Policy & Relationship to Entity and Journeys

In the Fenergo SaaS platform a Policy is what clients create to define the Data Points / Ownership Details / Documentation they want to gather as part of their Client Lifecycle Management process. To draw a comparison against traditional system design, a Policy can be thought of as a Data Model or Object Model. In the same way as tables on a Database or objects in code are used to represent real world equivalents within a software system a FenX Policy represents the data which FenX users record when engaging with their clients.

The comparisons with traditional Databases or Objects stop there. The Policy Functionality in FenX is a Framework that allows clients to create and adjust in accordance to their business requirements. It is both flexible & configurable in a fluid way that traditional data structures are not.

Policy Configuration Functionality

  • A Policy can created in the UI (Traditionally done as part of FenX project aligned to client Requirements) by clients themselves, SI partners or Fenergo Professional Services.
  • A Policy can also be created via the APIs which would allow clients to operationalise the deployment of new policies in line with changes within an organisation.
  • A Policy goes through a simple lifecycle of "Create Draft" -> "Submit for Approval" MetaData End--> "Approve" at which point a policy is considered as "Published".
  • Once live and Published the latest version of the policy is what is used inside the various tasks / stages of a Journey to present forms to users (or via API calls).
  • The Data gathered inside a journey is stored along with an Entity inside a Document DB (In FenX this is Dynamo DB - A NoSQL Document Store Database)

FenX Policy Composition

The Policy itself is comprised of elements as illustrated above and the composition is designed specifically for the business activity of "Client Lifecycle Management" which is why there are dedicated sections for "Data, Document Requirements and Ownership details".

A FenX Policy is also "Legal Entity Centric", meaning the root Object is intended to be an Entity under Management (typically a client of a an institution or related party). Within the Data section there are also "Data Groups", which can be thought of as "Sub-Entities". These can relate to the Root in a 1:1 or 1:M.

Data Group Example

If a Company is being Onboarded, ordinary data points such as Name, Business Market, Size etc... are gathered. Also something like addresses are gathered. A Company might (and typically does) have several addresses and the data points in an address are modelled inside a data group one time. Multiple "Addresses" can be added to the Root Entity as part of the information gathering. The definition of an "Address" as a "Data Group" keeps the data structured and clean.

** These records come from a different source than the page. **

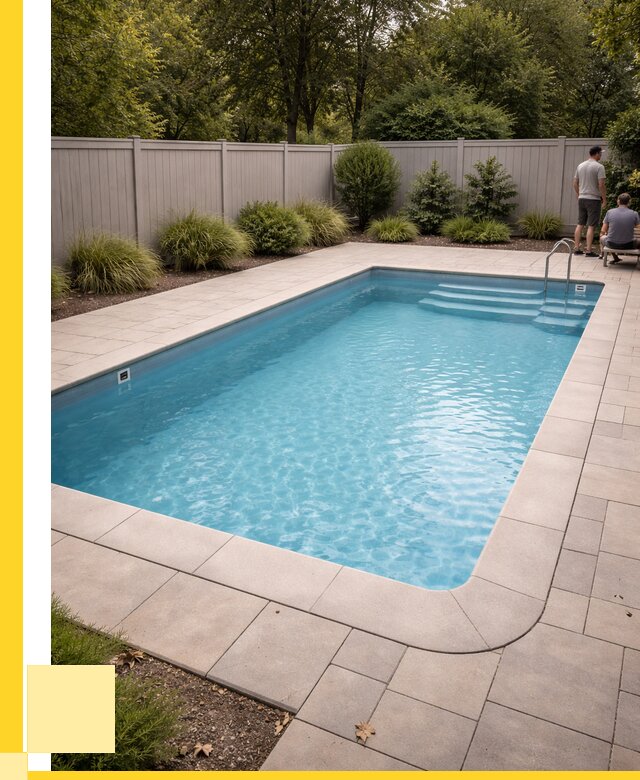 Композитные бассейны в Реутове от 1040700 р. - ЭриданРтв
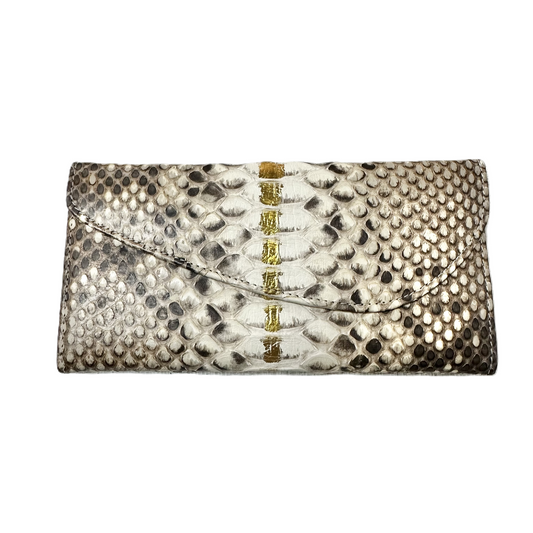 Wallet Leather By W. H. Petronela Size: Medium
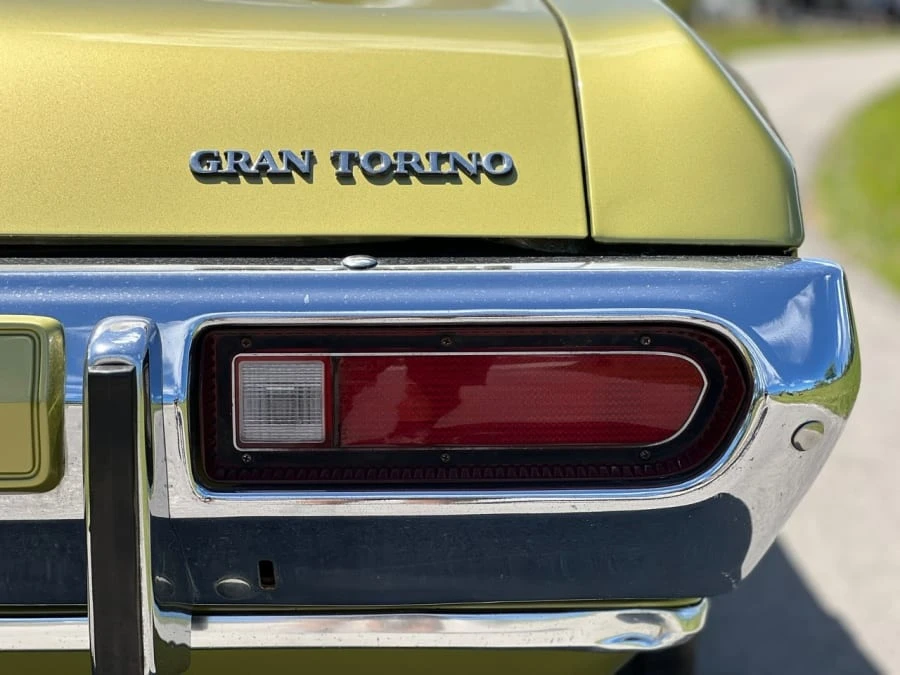 1973 Ford Torino 3rd-4th Gen - Image 5 of 22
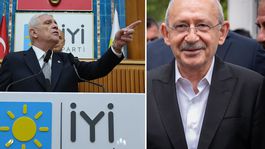 Müsavat Dervişoğlundan Kılıçdaroğluna: Bizim için yok hükmündesin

As can be seen below - the Difference between how Data is stored in a "Flat" Structure on the Left, versus a "Relational" Structure on the right. If a requirement to add a new address occurs, it can be done in a relational structure using an Address Data Group Instance on the right, where as in a Flat Structure it would require a Data Model Change.

FenX Journey

In the Fenergo SaaS platform a Journey is how our clients model their business processes. Through the User Interface (And Via APIs), the components of a process can be arranged, grouped and structured to reflect the complex business steps required by clients in how they operate their CLM activities.

In the same way as policies are fluid and configurable, Journeys can be versioned, changed and published. Any easier way to think about a journey in terms of traditional software systems is as a workflow.

A Journey consists of:

  • Top Level Journey Details
  • Within a Journey there are Stages
  • Within Stages are Processes
  • Within Processes there are Tasks
  • From within Tasks -> Areas of a Policy are Targeted (For presentation and Collection)

FenX Journey to Policy Relationship

Once modelled and configured, a journey instance is created to gather the data outlined in a policy. As mentioned, a journey is a workflow, in FenX the workflow functionality is built upon "AWS Step Functions" More Info.

The final way to think about how all of this interacts is as follows:

  • A Policy defines "What" data to capture
  • A Journey maps out "How" to capture that data.
  • Lastly a "Legal Entity" is the record where the ACTUAL information is stored.